2.3 General Math

2.3.1 Number Sets

Notation Denotes Examples
\(\emptyset\) Empty set No members
\(\mathbb{N}\) Natural numbers \(\{1, 2, ...\}\)
\(\mathbb{Z}\) Integers \(\{ ..., -1, 0, 1, ...\}\)
\(\mathbb{Q}\) Rational numbers including fractions
\(\mathbb{R}\) Real numbers
\(\mathbb{C}\) Complex numbers

2.3.2 Summation Notation and Series

Chebyshev’s Inequality Let \(X\) be a random variable with mean \(\mu\) and standard deviation \(\sigma\). Then for any positive number \(k\):

\[ P(|X-\mu| < k\sigma) \ge 1 - \frac{1}{k^2} \]

Chebyshev’s Inequality does not require that \(X\) be normally distributed

Geometric sum

\[ \sum_{k=0}^{n-1} ar^k = a\frac{1-r^n}{1-r} \]

where \(r \neq 1\)

Geometric series

\[ \sum_{k=0}^\infty ar^k = \frac{a}{1-r} \]

where \(|r| <1\)

Binomial theorem

\[ (x + y)^n = \sum_{k=0}^n \binom{n}{k} x^{n-k} y^k \]

where \(n \ge 0\)

Binomial series

\[ \sum_k \binom{\alpha}{k} x^k = (1 +x)^\alpha \]

\(|x| < 1\) if \(\alpha \neq n \ge 0\)

Telescoping sum

When terms of a sum cancel each other out, leaving one term (i.e., it collapses like a telescope), we call it a telescoping sum

\[ \sum_{a \le k < b} \Delta F(k) = F(b) - F(a) \]
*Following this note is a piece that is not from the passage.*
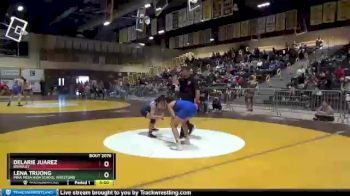 117 lbs Round 4 - Lena Truong, Mira Mesa High School Wrestling vs Delarie Juarez, Brawley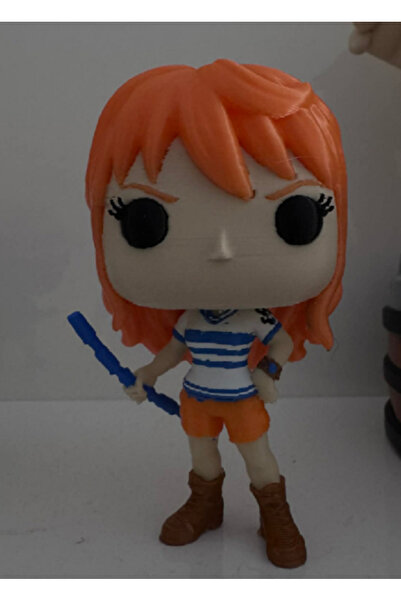 FreshWolf #1362 3D Baskı One Piece Nami Mini Pop Figür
where \(a \le b\) and \(a, b \in \mathbb{Z}\)

Vandermonde convolution

\[ \sum_k \binom{r}{k} \binom{s}{n-k} = \binom{r+s}{n} \]

\(n \in \mathbb{Z}\)

Exponential series

\[ \sum_{k=0}^\infty \frac{x^k}{k!} = e^x \]
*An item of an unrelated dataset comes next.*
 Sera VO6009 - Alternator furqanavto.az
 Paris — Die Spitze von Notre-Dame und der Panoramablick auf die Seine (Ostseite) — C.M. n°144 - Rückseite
where \(x \in \mathbb{C}\)

Taylor series

\[ \sum_{k=0}^{\infty} \frac{f^{(k)}(a)}{k!} (x-a)^k = f(x) \]

where \(|x-a| < R =\) radius of convergence

when \(a = 0\), we have

Maclaurin series expansion for

\[ e^z = 1 + z + \frac{z^2}{2!} + \frac{z^3}{3!} + ... \]

Euler’s summation formula

\[\sum_{a \le k < b} f(k) = \int_a^b f(x) dx + \sum_{k=1}^m\frac{B_k}{k!} f^{(k-1)}(x) |_a^b \\+ (-1)^{m+1} \int^b_a \frac{B_m (x-|x|)}{m!} f^{(m)}(x)dx\] where \(a,b, c \in \mathbb{Z}\) and \(a \le b, m \ge 1\)

when \(m = 1\), we have trapezoidal rule

\[ \sum_{a \le k < b} f(k) \approx \int_a^b f(x) dx - \frac{1}{2} (f(b) - f(a)) \]

2.3.3 Taylor Expansion

A differentiable function, \(G(x)\) can be written as an infinite sum of its derivatives.
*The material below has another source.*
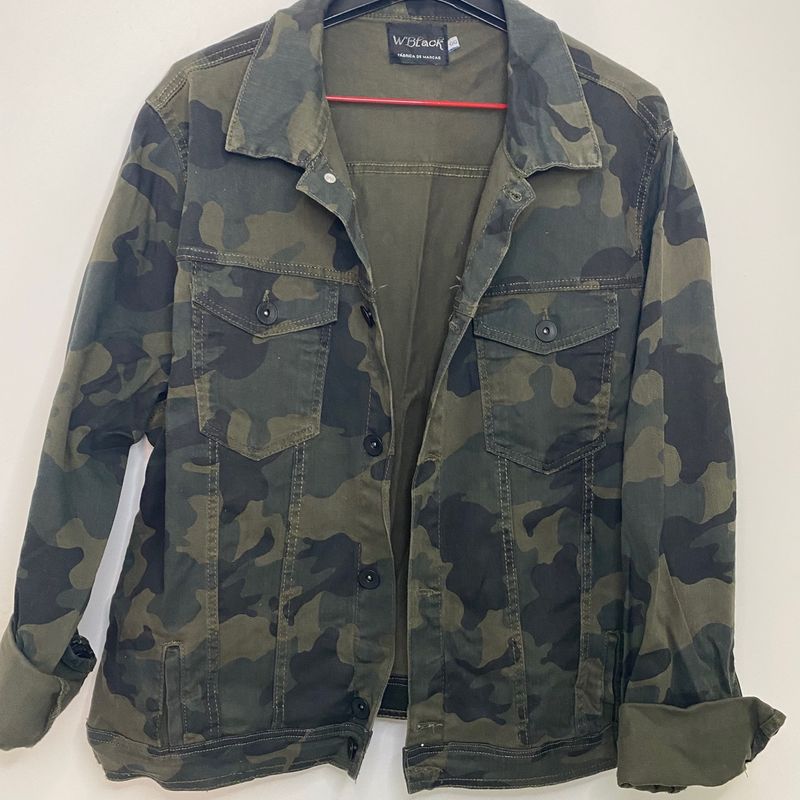 Casaco camuflado sales feminino mercado livre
More specifically, an infinitely differentiable \(G(x)\) evaluated at \(a\) is

\[ G(x) = G(a) + \frac{G'(a)}{1!} (x-a) + \frac{G''(a)}{2!}(x-a) + \frac{G'''(a)}{3!}(x-a)^3 + \dots \]

2.3.4 Law of large numbers

Let \(X_1,X_2,...\) be an infinite sequence of independent and identically distributed (i.i.d)

Then, the sample average is

\[ \bar{X}_n =\frac{1}{n} (X_1 + ... + X_n) \]

converges to the expected value (\(\bar{X}_n \rightarrow \mu\)) as \(n \rightarrow \infty\)

\[ Var(X_i) = Var(\frac{1}{n}(X_1 + ... + X_n)) = \frac{1}{n^2}Var(X_1 + ... + X_n)= \frac{n\sigma^2}{n^2}=\frac{\sigma^2}{n} \]

Note: The connection between the LLN and the normal distribution lies in the Central Limit Theorem. The CLT states that, regardless of the original distribution of a dataset, the distribution of the sample means will tend to follow a normal distribution as the sample size becomes larger.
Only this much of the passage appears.